== EXERCISE PROMPT ==
Transcribe the following records exactly, images excluded.

== SOURCE DATA ==
★ ★ ★ ★

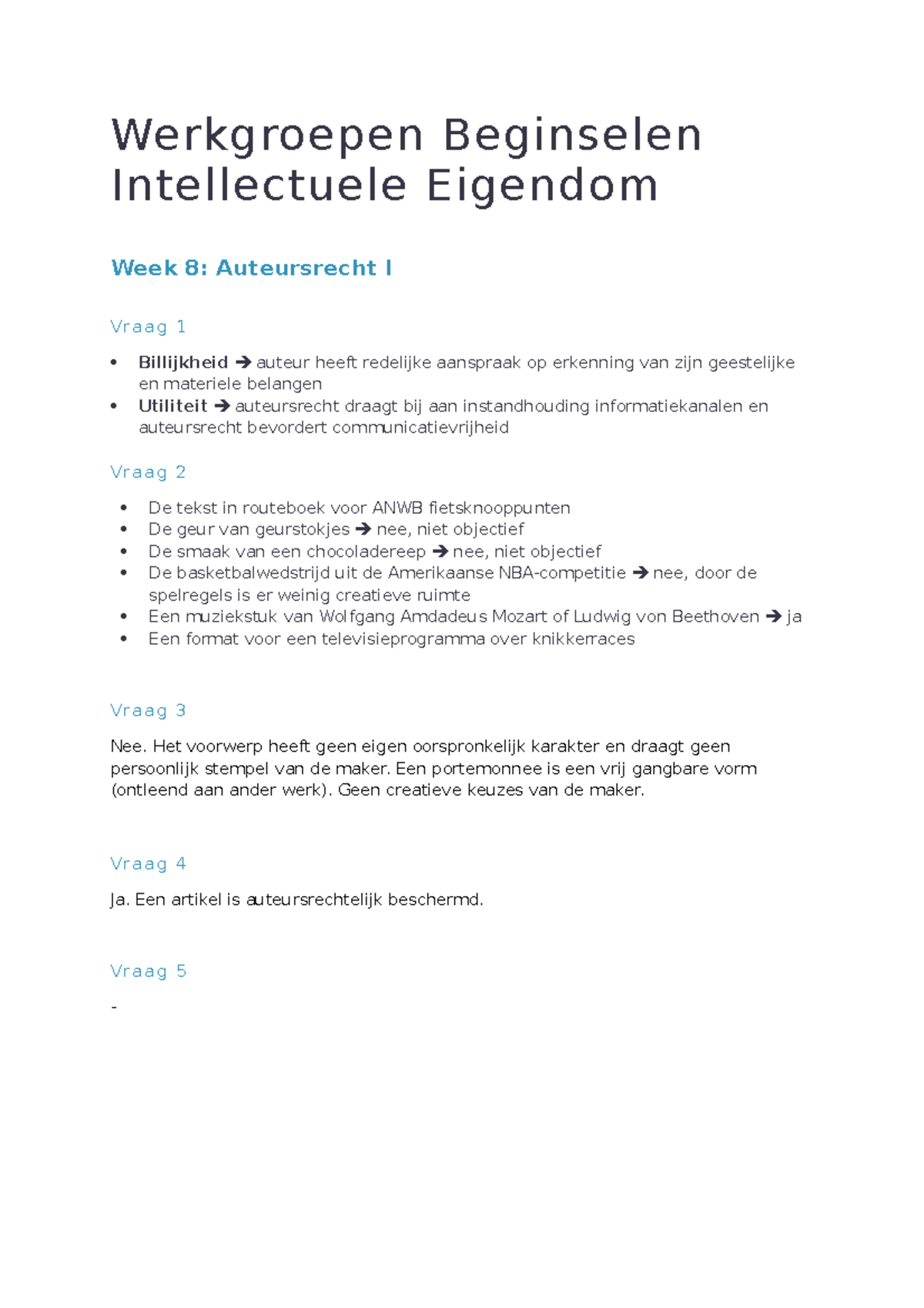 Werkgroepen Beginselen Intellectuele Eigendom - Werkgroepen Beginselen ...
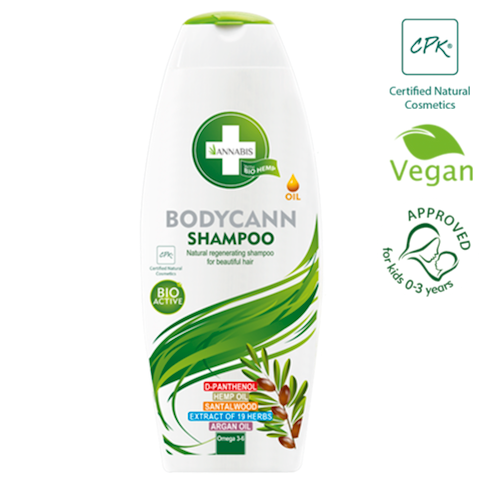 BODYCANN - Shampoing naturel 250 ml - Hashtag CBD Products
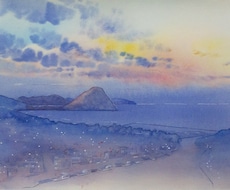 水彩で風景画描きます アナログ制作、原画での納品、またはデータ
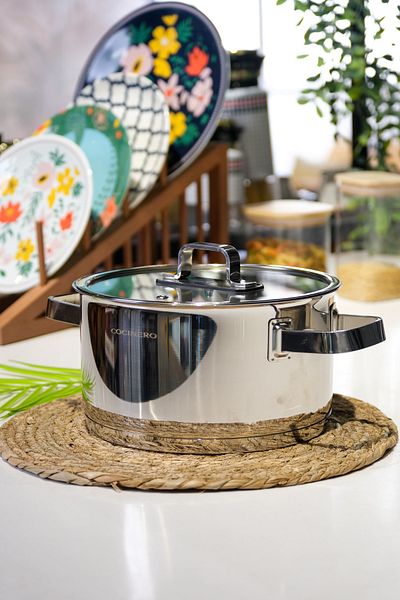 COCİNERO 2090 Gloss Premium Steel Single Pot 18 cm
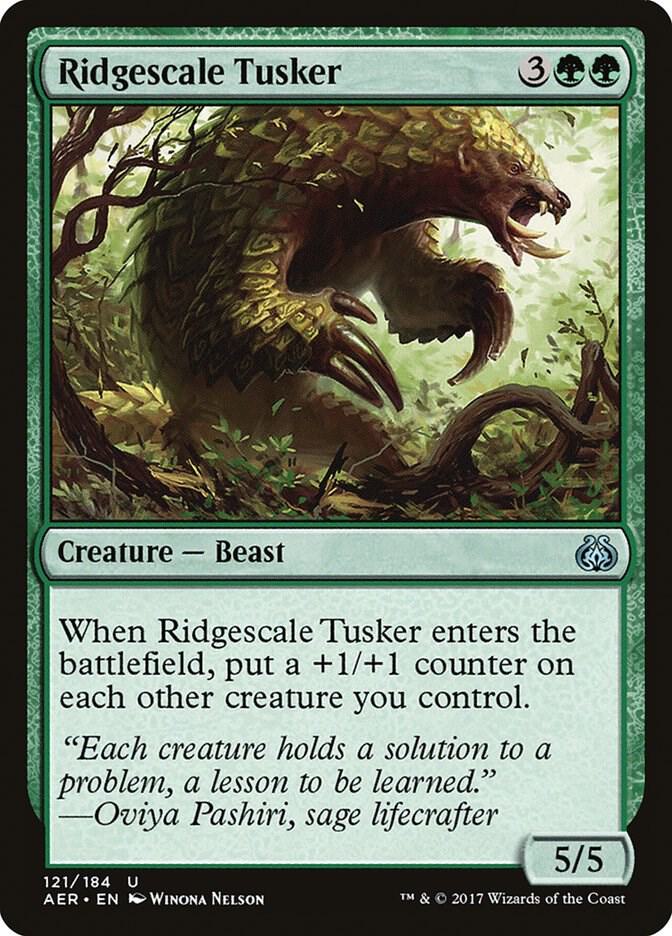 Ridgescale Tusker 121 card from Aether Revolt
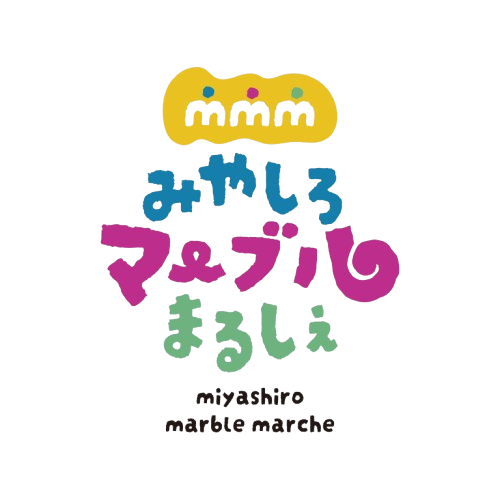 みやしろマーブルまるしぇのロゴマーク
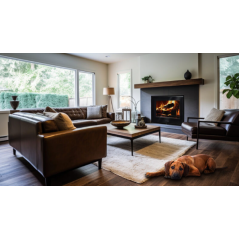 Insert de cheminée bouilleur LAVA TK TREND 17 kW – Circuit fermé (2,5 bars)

★ ★ ★ ★

== ANSWER BELOW ==
 Werkgroepen Beginselen Intellectuele Eigendom - Werkgroepen Beginselen ...
 BODYCANN - Shampoing naturel 250 ml - Hashtag CBD Products
 水彩で風景画描きます アナログ制作、原画での納品、またはデータ
 COCİNERO 2090 Gloss Premium Steel Single Pot 18 cm
 Ridgescale Tusker 121 card from Aether Revolt
 みやしろマーブルまるしぇのロゴマーク
 Insert de cheminée bouilleur LAVA TK TREND 17 kW – Circuit fermé (2,5 bars)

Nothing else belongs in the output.